Une fois de plus, j'ai eu la bonne intuition car le temps est magnifique, et le soleil brille sur fond de ciel bleu. Le temps tournera à la pluie en fin d'après-midi. A Pralognan-la-Vanoise, on profite d'un climat continental montagnard, plutôt humide, avec des hivers froids et neigeux et des étés doux marqués d'orages. Pour atteindre le village, il n'y a que la départementale 915 au départ de Moûtiers. Si vous préférez les sentiers de muletiers, libre à vous de passer par les cols de la Vanoise (2h30 d'ascension), celui d'Aussois ou de Chavière.

Pralognan signifie « pré éloigné » en patois local. D'autres hypothèses furent avancées quant au nom de ce village, dont le terme de «Sommet de la vallée dangereuse ». On y vit pourtant depuis l'âge de Fer puisque des traces de vie humaines furent retrouvées sur place. Bien plus tard, Pierre II de Tarentaise, alors archevêque, émettra le souhait que les chanoines forment un collège de réguliers, dont la majorité des membres semble alors être issue du Prieuré de Pralognan, fondé en 1144, placé sous la règle de Saint-Augustin, et isolé en pleine montagne sur la route du col de la Vanoise.

Endroit écarté du monde, le col servit longtemps de point de passage somme toute facile pour la route du sel et du Beaufort qui était empruntée par colporteurs et contrebandiers. Sel des salines des Salins-les-Thermes et fromage de Beaufort partaient ainsi dans le Piémont pour être échangés contre des épices et des étoffes. Un octroi était toutefois perçu au passage pour financer l'entretien de ce chemin de « Vanoyse ». Et le village de s'appeler La Vanoise de 1794 à 1815.

 

Arrive l'époque des randonneurs et des alpinistes, avec une première tentative de franchissement du sommet de la Grande Casse (3855 mètres) par un Anglais accompagné d'Etienne Favre (un enfant du pays) et d'un guide de Chamonix le 8 août 1860. Vingt ans plus tard naissait la Compagnie des Guides de Pralognan. Puis, chose plus insolite, l'inventif préposé aux Postes, le facteur Rey, décide un jour de se déplacer sur deux planches en bois qu'il fait glisser sur la neige en 1903. La première course de ski aura bientôt lieu sur la piste du Barioz. Et son frère, Joseph, non moins inventif, demande au conseil municipal du village de Pralognan d'installer une première centrale hydroélectrique, rien que cela. Le projet est adopté et le village allumera peu de temps après ses premières lampes alimentées par trois kilomètres de fil.

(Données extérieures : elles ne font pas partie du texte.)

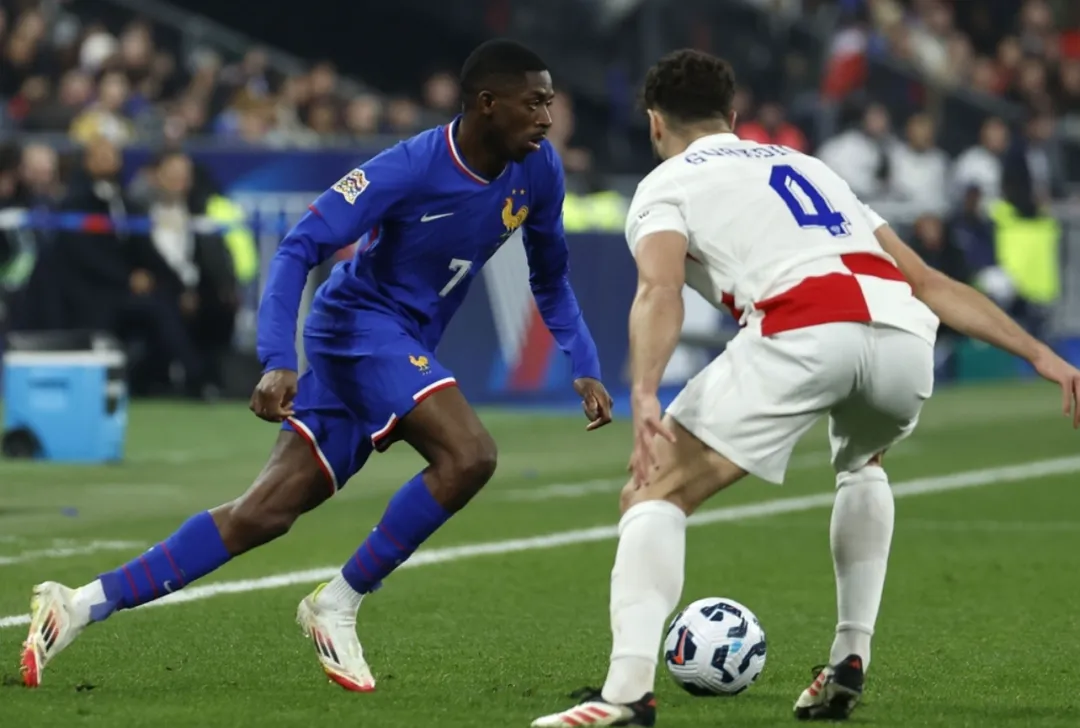 包含平民队在欧国联附加赛中取得胜利的词条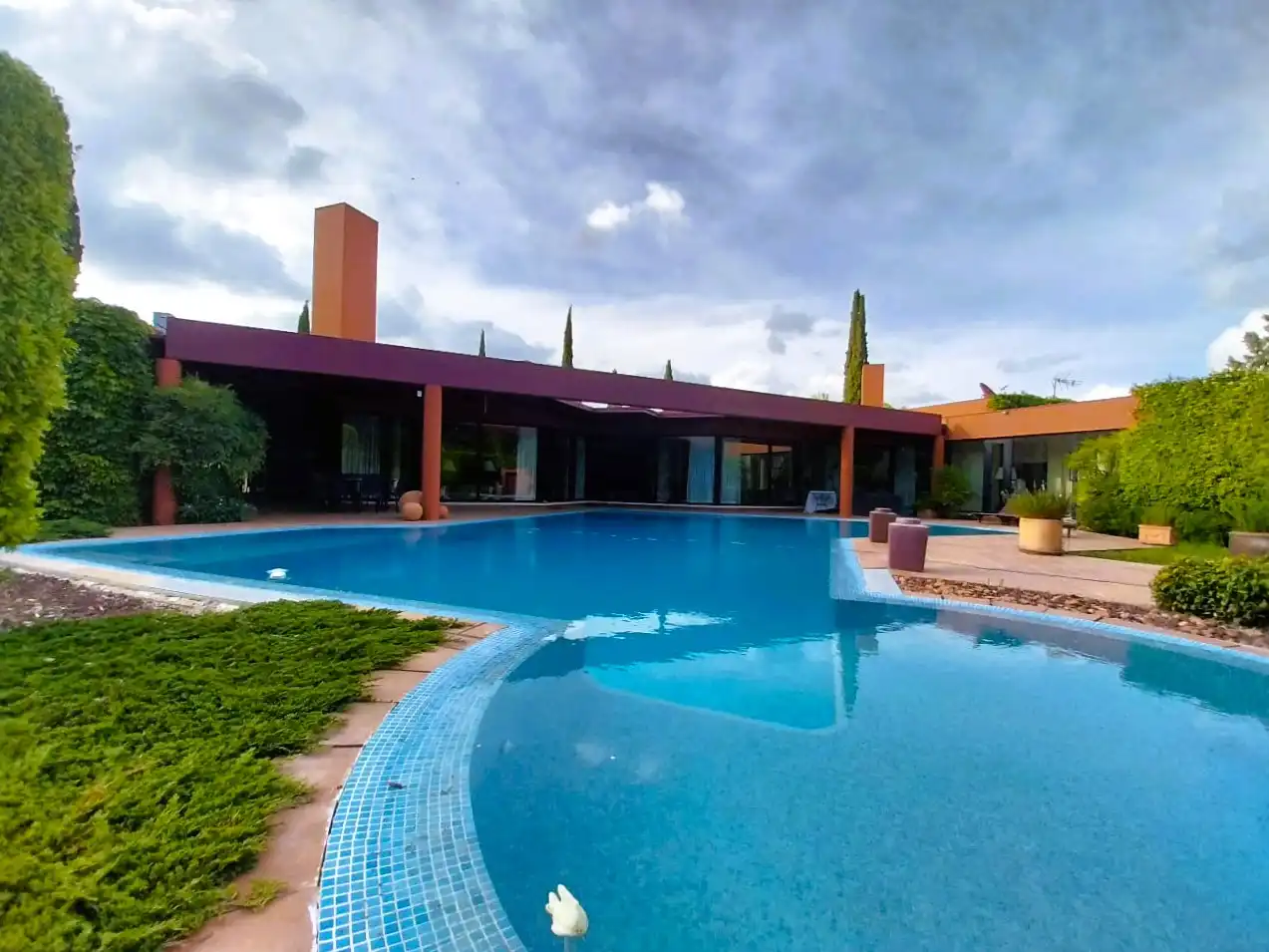 Piscina de Casa o chalet en venta en Pozuelo de Alarcón con Aire acondicionado, Calefacción y Jardín privado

Le village prend son nom actuel en 1912, et onze années plus tard, une nouvelle centrale électrique est construite au pont de Gavin. Dès lors, la région va miser sur les sports d'hiver avec l'installation d'un tremplin de saut en 1920, d'une patinoire de vitesse dix ans plus tard et l'arrivée laborieuse des premiers téléskis en 1937. Mais l'évènement de taille est à mes yeux le classement par Pralognan-la-Vanoise de près de 70% de son territoire, qui deviendra le parc national de la Vanoise. Nous sommes alors en 1963. Entre le déroulement sur la commune des épreuves de curling des JO d'Albertville en 1992 et le développement du parc national, le petit village pourra fêter dignement le centenaire du tourisme local en 1997, puis le 150è anniversaire de l'ascension de la Grande Casse par Etienne Favre, alors porteur pour le compte de l'expédition de 1860.

 

Une promenade dans Pralognan m'en apprendra davantage : je m'arrête d'abord au supermarché Casino du coin où je rencontre des habitants souriants et prêts à me faire découvrir leur havre de paix. Il n'y a apparemment que moi ici pour penser pouvoir me rendre en voiture jusqu'au col de la Vanoise. « N'y pensez pas cher Monsieur, c'est à pied que ce col se franchit, au terme de 2H30 d'ascension ». Je me ravise aussitôt, expliquant que je suis simplement à la recherche de beaux points de vue pour illustrer un article. On me conseille aussitôt de poursuivre en direction des Prioux, un petit hameau niché dans la vallée de Chavière.

Je me rends auparavant sur la place de l'église (ci-dessous) à gauche de laquelle j'apercevrai sur un promontoire rocheux la statue d'un bouquetin, emblème de Pralognan (deuxième photo). C'est mon premier bouquetin de la saison, et excepté les braves vaches savoyardes, je n'ai pas rencontré de faune sauvage, mise à part une marmotte aperçue en train de fricoter le long d'un talus l'autre jour en bord de route. Le bouquetin, lui, qui existe en Europe centrale depuis 100000 ans, a profité d'une première campagne de protection lors de la création en 1922 du Parc national italien du Gran Paradiso, protection étendue ensuite au Parc national de la Vanoise en 1963. Ce dernier parc compte actuellement la plus grande population de bouquetins en France, soit 1800 individus.


 

Je quitte bientôt Pralognan pour m'engager dans la vallée de Chavière, direction le hameau des Prioux. Cette vallée est la porte d'entrée principale du parc national de la Vanoise, mais la route qui y conduit s'arrête environ deux kilomètres après les Prioux, sur une aire de parking. La vallée est l'endroit idéal pour flâner sur des sentiers tout en admirant ses sites naturels au pied de la plus grande calotte glaciaire des Alpes. Quant au plateau des Prioux, il est situé à 1725 mètres d'altitude et voit s'écouler le Doron de Chavière. Les eaux froides et rapides de ce torrent abritent une importante population de salmonidés et un panneau explicatif, placé à l'entrée du hameau, informe les pêcheurs en herbe de la conduite à tenir. Pour les amateurs de randonnée, il existe une balade facile d'accès et d'une durée de 4h30, au départ des Prioux, vers le Lac Blanc (2434 mètres). Je croiserai sur ma route quelques cyclistes en goguette, mais curieusement aucun motard cette fois-ci. Face à ces immenses masses rocheuses, j'essaie de me replacer 15000 ans en arrière, lorsque cette vallée de Chavière était occupée par des glaciers qui se sont depuis repliés sur les pentes de Polset. Celle-ci mène d'ailleurs au refuge de Peclet-Polset (2474 mètres) et constitue une voie naturelle pour atteindre les glaciers de la Vanoise. Ce premier aperçu du parc national de la Vanoise me fait prendre conscience de la superficie de l'endroit, soit 528 km2 pour ce seul parc et 1250 km2 au total, en comptant le parc français et son homologue italien, le Grand Paradis, jumelé au nôtre depuis 1972. Soit la surface protégée la plus étendue d'Europe occidentale.